- **TASK STATEMENT**: Copy out every entry that follows, without a single picture.

ENTRIES SHOWN START

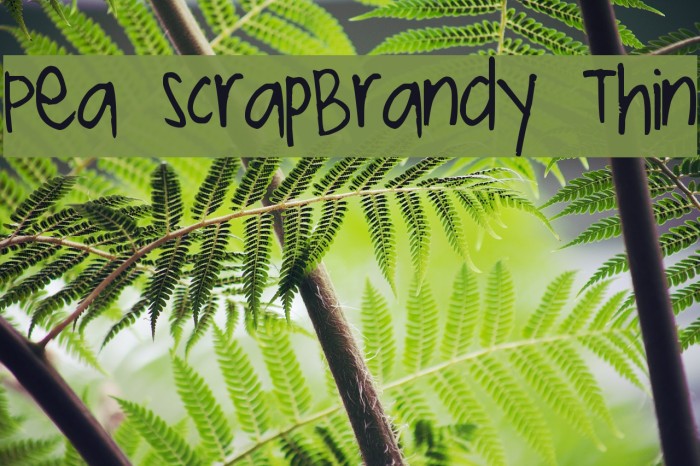 Pea ScrapBrandy Thin Font examples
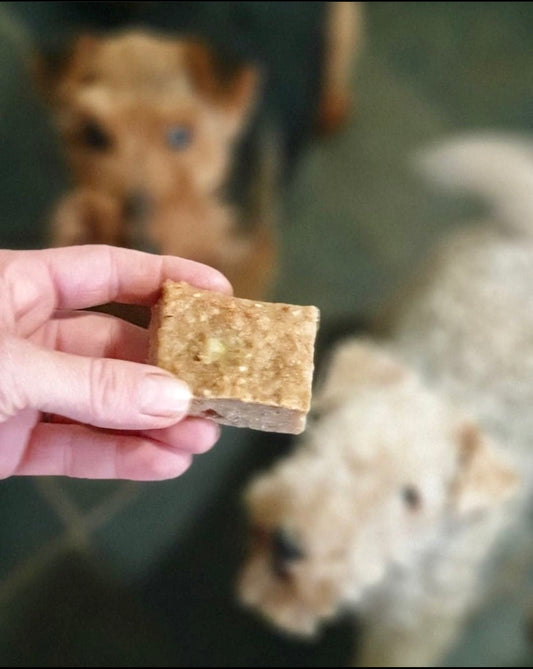 Can you say YUM? Breakfast Bars by Vita Canis
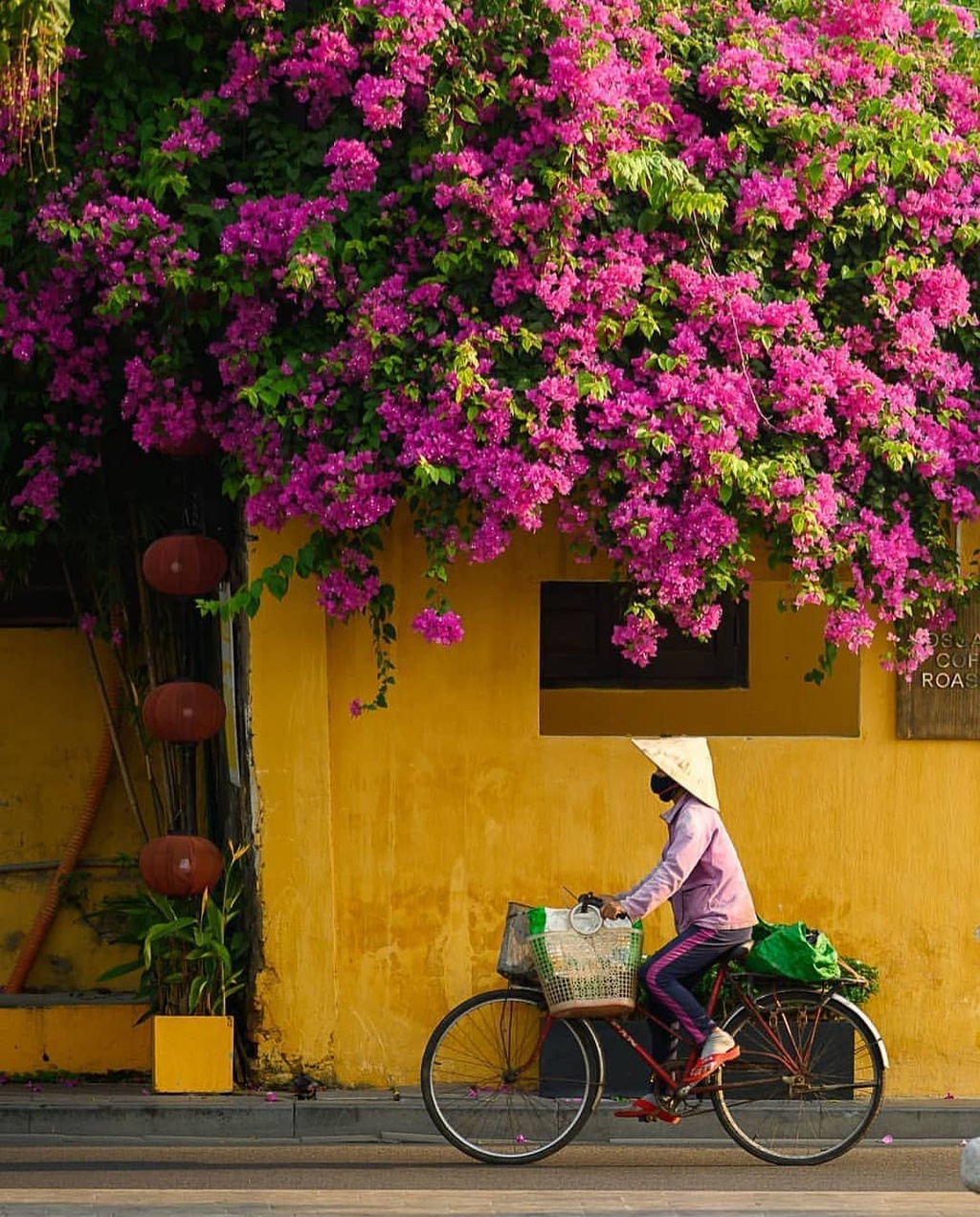 7 điều khách Tây hứng thú khi du lịch tại Việt Nam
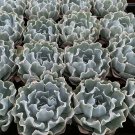 3 Live Plant Echeveria blue curls succulent plants Fully rooted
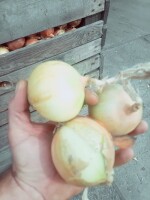 Witam,sprzedam cebule na obieranie. Chętne osoby zapraszam do kontaktu.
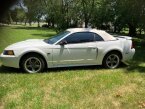 Thumbnail Photo 6 for 2003 Ford Mustang GT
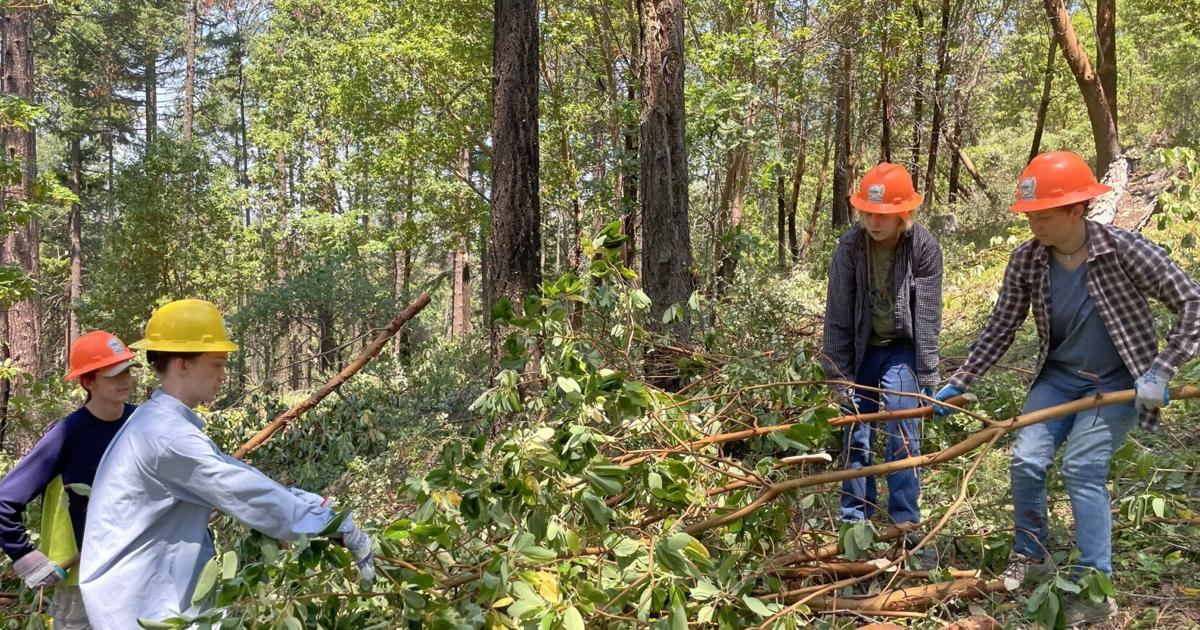 Ashland organization provides opportunity for youth to work on ecological restoration | Community [Video]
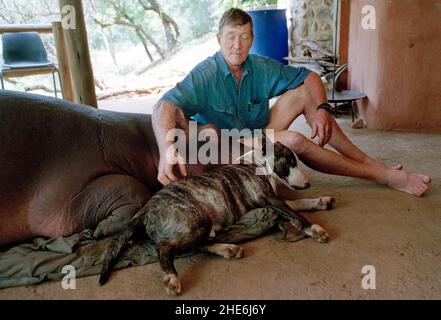 JESS THE HIPPO DAS EINZIGE ZAHME HIPPO DER WELT, DAS VON TONY UND ELSA JOUBERT AUFGEZOGEN WURDE, NACHDEM SIE AUFGRUND VON ÜBERSCHWEMMUNGEN VERLASSEN AM FLUSSRAND GEFUNDEN WURDE. SÜDAFRIKA. DAS BILD ZEIGT JESS BEI EINEM NACHMITTAGSNAP MIT TONY'S HUND BONZO. BILD: GARY ROBERTS Stockfoto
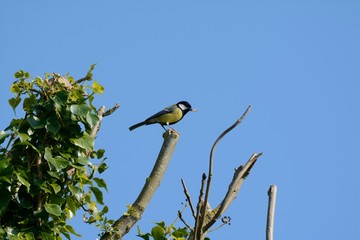 Great tit bird, parus major on top of branch wwith meal worm in its beak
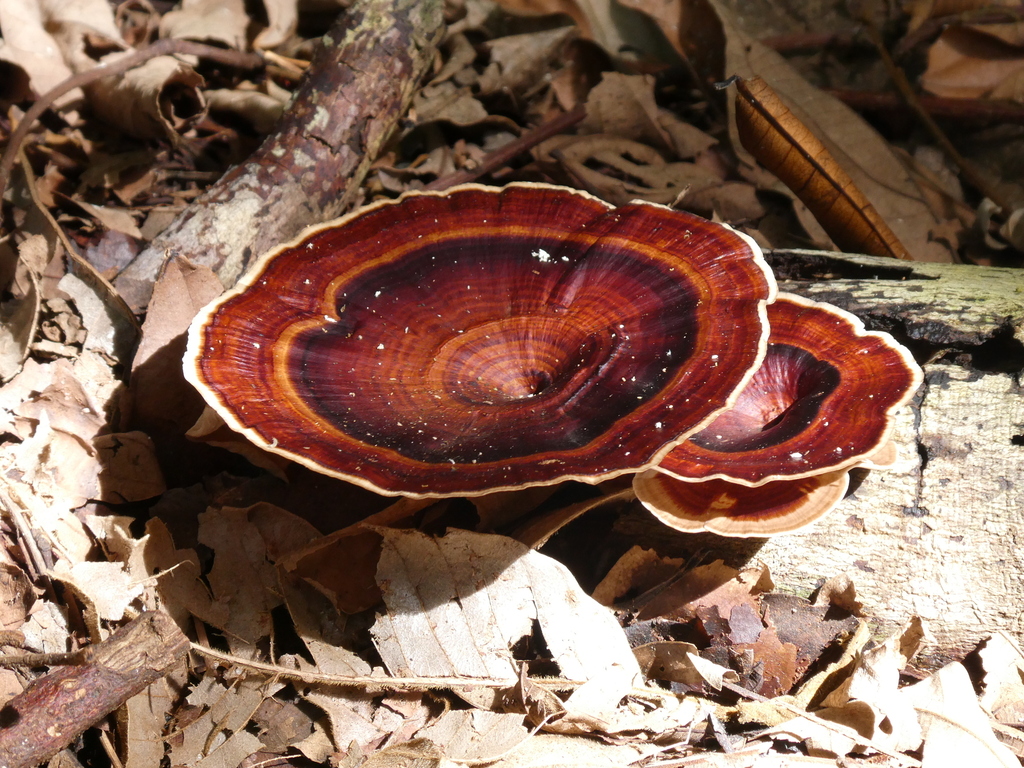 Microporus xanthopus · May 2025 · photo: © brechtverstraete (iNaturalist, cc0)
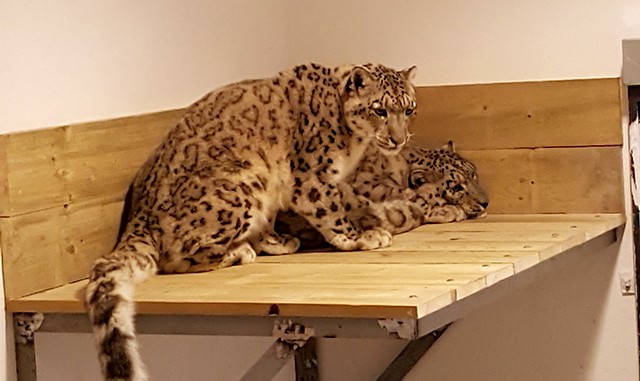 leoparzii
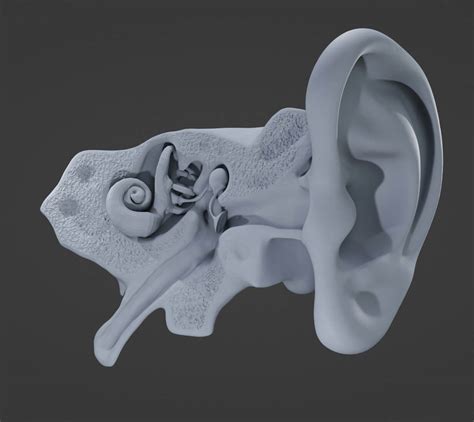 Human Ear Anatomy 3d Model By Bluelou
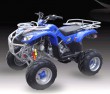 SK250 ATV Quads-2LH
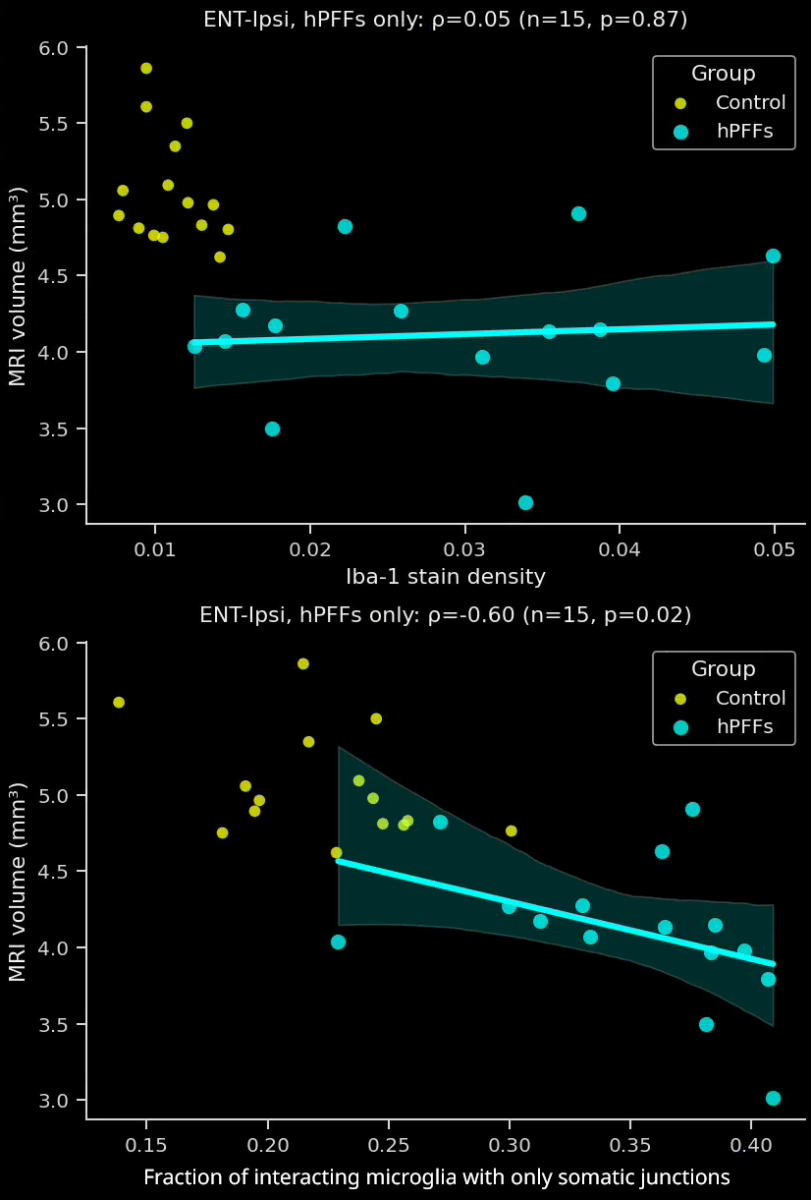 Plots showing the correlation between the MRI brain volume and the Iba-1 stain density and the fraction of interacting microglia with only microglial process to neuronal soma interactions in the ipsilateral entorhinal cortex.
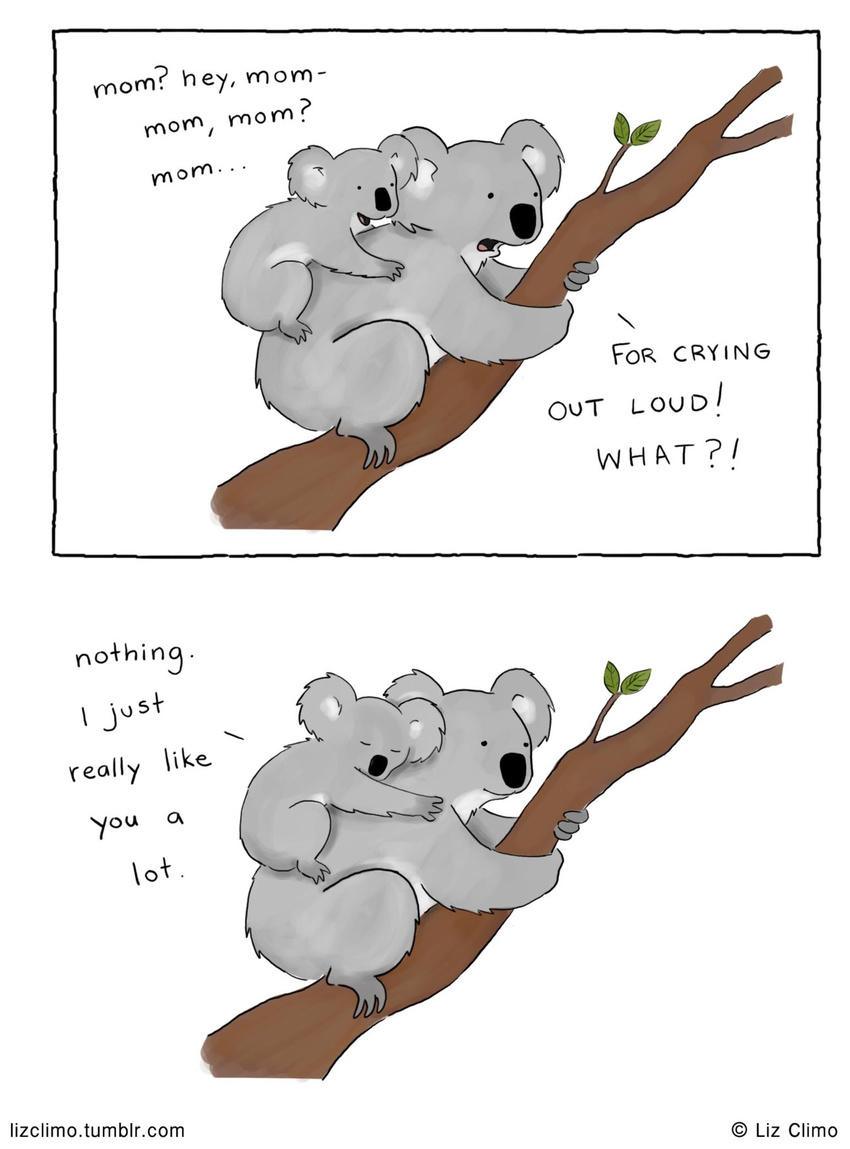 ambiguous_gender cub cute daww female fur grey_fur humor koala leaf liz_climo mammal marsupial mother parent tree young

ENTRIES SHOWN END

- **ANSWER TO THE PROBLEM**:
 Pea ScrapBrandy Thin Font examples
 Can you say YUM? Breakfast Bars by Vita Canis
 7 điều khách Tây hứng thú khi du lịch tại Việt Nam
 3 Live Plant Echeveria blue curls succulent plants Fully rooted
 Witam,sprzedam cebule na obieranie. Chętne osoby zapraszam do kontaktu.
 Thumbnail Photo 6 for 2003 Ford Mustang GT
 Ashland organization provides opportunity for youth to work on ecological restoration | Community [Video]
 JESS THE HIPPO DAS EINZIGE ZAHME HIPPO DER WELT, DAS VON TONY UND ELSA JOUBERT AUFGEZOGEN WURDE, NACHDEM SIE AUFGRUND VON ÜBERSCHWEMMUNGEN VERLASSEN AM FLUSSRAND GEFUNDEN WURDE. SÜDAFRIKA. DAS BILD ZEIGT JESS BEI EINEM NACHMITTAGSNAP MIT TONY'S HUND BONZO. BILD: GARY ROBERTS Stockfoto
 Great tit bird, parus major on top of branch wwith meal worm in its beak
 Microporus xanthopus · May 2025 · photo: © brechtverstraete (iNaturalist, cc0)
 leoparzii
 Human Ear Anatomy 3d Model By Bluelou
 SK250 ATV Quads-2LH
 Plots showing the correlation between the MRI brain volume and the Iba-1 stain density and the fraction of interacting microglia with only microglial process to neuronal soma interactions in the ipsilateral entorhinal cortex.
 ambiguous_gender cub cute daww female fur grey_fur humor koala leaf liz_climo mammal marsupial mother parent tree young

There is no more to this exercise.